- Parkway Position in California.
- Coordinates: 38°29′58″N 121°27′07″W﻿ / ﻿38.49944°N 121.45194°W
- Country: United States
- State: California
- County: Sacramento

Area
- • Total: 2.409 sq mi (6.240 km^{2})
- • Land: 2.409 sq mi (6.240 km^{2})
- • Water: 0 sq mi (0 km^{2}) 0%
- Elevation: 20 ft (6.1 m)

Population (2020)
- • Total: 15,962
- • Density: 6,625/sq mi (2,558/km^{2})
- Time zone: UTC-8 (Pacific (PST))
- • Summer (DST): UTC-7 (PDT)
- ZIP code: 95823
- Area codes: 279 and 916
- GNIS feature ID: 2583107

= Parkway, California =

Parkway is a Census-designated place in Sacramento County, California, United States. The 2020 United States census reported Parkway's population was 15,962.

Prior to the 2010 United States census, Parkway was grouped with Fruitridge Pocket and Lemon Hill in the Parkway-South Sacramento, California CDP.

==Geography==
According to the United States Census Bureau, the CDP covers an area of 2.4 square miles (6.2 km^{2}), all land.

==Demographics==

Historical population
| Census | Pop. | Note | %± |
| 2010 | 14,670 |  | — |
| 2020 | 15,962 |  | 8.8% |
U.S. Decennial Census 1850–1870 1880-1890 1900 1910 1920 1930 1940 1950 1960 1970 1980 1990 2000 2010

===2020 census===
As of the 2020 census, Parkway had a population of 15,962 and a population density of 6,626.0 PD/sqmi. The median age was 32.1 years. The age distribution was 28.1% under the age of 18, 10.2% aged 18 to 24, 28.9% aged 25 to 44, 21.9% aged 45 to 64, and 10.9% who were 65 years of age or older. For every 100 females, there were 97.7 males, and for every 100 females age 18 and over, there were 94.3 males age 18 and over.

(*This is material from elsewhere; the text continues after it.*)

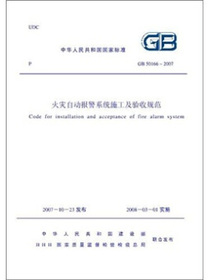 火灾自动报警系统施工及验收规范（GB50166-2007）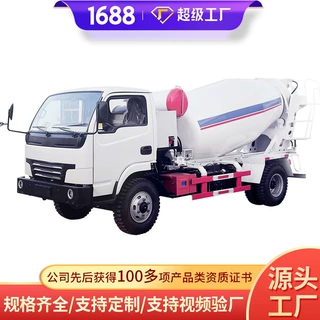 混凝土搅拌运输车源头混凝土搅拌运输车方便操作搅拌运输车批发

Racial composition as of the 2020 census
| Race | Number | Percent |
|---|---|---|
| White | 3,262 | 20.4% |
| Black or African American | 2,703 | 16.9% |
| American Indian and Alaska Native | 262 | 1.6% |
| Asian | 3,005 | 18.8% |
| Native Hawaiian and Other Pacific Islander | 258 | 1.6% |
| Some other race | 4,596 | 28.8% |
| Two or more races | 1,876 | 11.8% |
| Hispanic or Latino (of any race) | 7,012 | 43.9% |

The census reported that 97.1% of the population lived in households, 2.8% lived in non-institutionalized group quarters, and 0.1% were institutionalized. Parkway's population was 100.0% urban and 0.0% rural.

There were 4,750 households, out of which 44.5% included children under the age of 18, 39.3% were married-couple households, 8.8% were cohabiting couple households, 32.5% had a female householder with no spouse or partner present, and 19.4% had a male householder with no spouse or partner present. About 20.4% of households were one person, and 7.7% were one person aged 65 or older. The average household size was 3.26. There were 3,467 families (73.0% of all households).

There were 5,054 housing units at an average density of 2,098.0 /mi2, of which 6.0% were vacant and 94.0% were occupied. Of occupied units, 45.5% were owner-occupied and 54.5% were occupied by renters. The homeowner vacancy rate was 0.7% and the rental vacancy rate was 7.4%.
===2010 census===
Parkway first appeared as a census designated place in the 2010 U.S. census formed from part of the deleted Parkway-South Sacramento CDP and from area detached from Sacramento city.